The Americans

de Joe Weisberg, depuis 2013, ****

Dans les années 60-70, le KGB avait évidemment ses entrées çà et là, chez les diplomates, scitifiques, touristes et autres visiteurs des États-Unis. Mais il avait besoin de mieux. Il avait besoin de gens que non seulement aucun Américain n’identifierait comme espion, mais mieux encore : qu’aucun Américain n’identifierait comme étranger. C’est ainsi que deux jeunes agents ont été formés pour devenir Philip et Elizabeth Jennings : ils parlent anglais mieux que russe, ils pensent américain, mangent américain, vivent américain, élèvent leurs enfants américains, ils sont plus américains que les Américains… et envoient leurs rapports à Moscou.

The Americans s’intéresse aux années Reagan, alors que le couple est bien installé dans sa double vie et la voit bouleversée par l’installation fortuite, dans la maison d’à côté, d’un agent du FBI spécialisé dans le contre-espionnage. Philip et Elizabeth passent leur journée sous une couverture d’agents de voyage, utilisent sans frémir amis et amants pour obtenir des informations, changent d’identité un jour sur deux pour rencontrer des informateurs, photographient des documents au détour d’un couloir, font croire à d’honnêtes citoyens qu’ils font partie du FBI pour les inciter à révéler des données classifiées, sortent parfois une arme pour extraire un agent ou éviter un piège, jouent au chat et à la souris avec les autorités, puis rentrent chez eux faire faire leurs devoirs à leurs adolescents et jouer au poker avec les voisins.

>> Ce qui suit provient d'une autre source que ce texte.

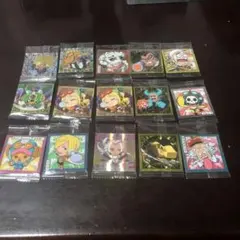 ワンピースウエハースシールまとめ売り　６弾７弾８弾９弾　　15枚　　新品未開封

La série mélange constamment événements réels (la « guerre des étoiles » de Reagan), événements plausibles (l’accident de sous-marin n’a pas eu lieu comme cela mais mélange deux ou trois histoires similaires) et fiction familiale. Philip et Elizabeth ne se sont pas choisis, mais ça fait vingt ans qu’ils sont un couple américain et vivent comme tels, avec des enfants dont la naissance faisait partie de la couverture mais qu’ils élèvent aussi bien que possible en tentant de les préserver autant de leur double vie que de l’idéologie néolibérale du moment. Cependant, leur aînée commence à s’apercevoir que ses parents mentent et à se poser des questions, tandis qu’eux-mêmes n’ont finalement jamais été amoureux et se disent de temps en temps qu’après tout, les vrais Américains divorcent parfois.

L’équilibre est plutôt bien trouvé, et les auteurs ne se gênent pas pour mêler différents niveaux d’écriture : de l’action-espionnage au drame intimiste en passant par le polar et la comédie familiale, on touche un peu à tout, un peu comme dans la première saison de Homeland, lorsque Brody essaie simultanément de retrouver sa femme et ses gosses, de se réadapter à la vie normale et de mener sa mission. Les agents doubles (voire triples, comme la petite diplomate qui informe le KGB qu’elle informe le FBI) n’étant pas censés avoir de morale, ils peuvent également poser librement tous les dilemmes moraux et choisir toutes les issues possibles : dans The Americans, il n’y a pas de vrai gentil, pas de vrai méchant, mais un beau monde bien nuancé où chacun est tour à tour salaud, héros, traître ou fidèle, en fonction de ses propres valeurs et de ses propres humeurs.

Les qualités narratives sont à la hauteur des enjeux, avec un montage soigné, une photo dans la bonne moyenne des séries du moment et un schéma conducteur pas trop systématique, certains arcs narratifs tenant sur plusieurs épisodes alors que d’autres éléments d’importance similaire sont résolus très rapidement.

Dans l’ensemble, c’est donc une jolie série, difficile à classer mais très agréable à regarder.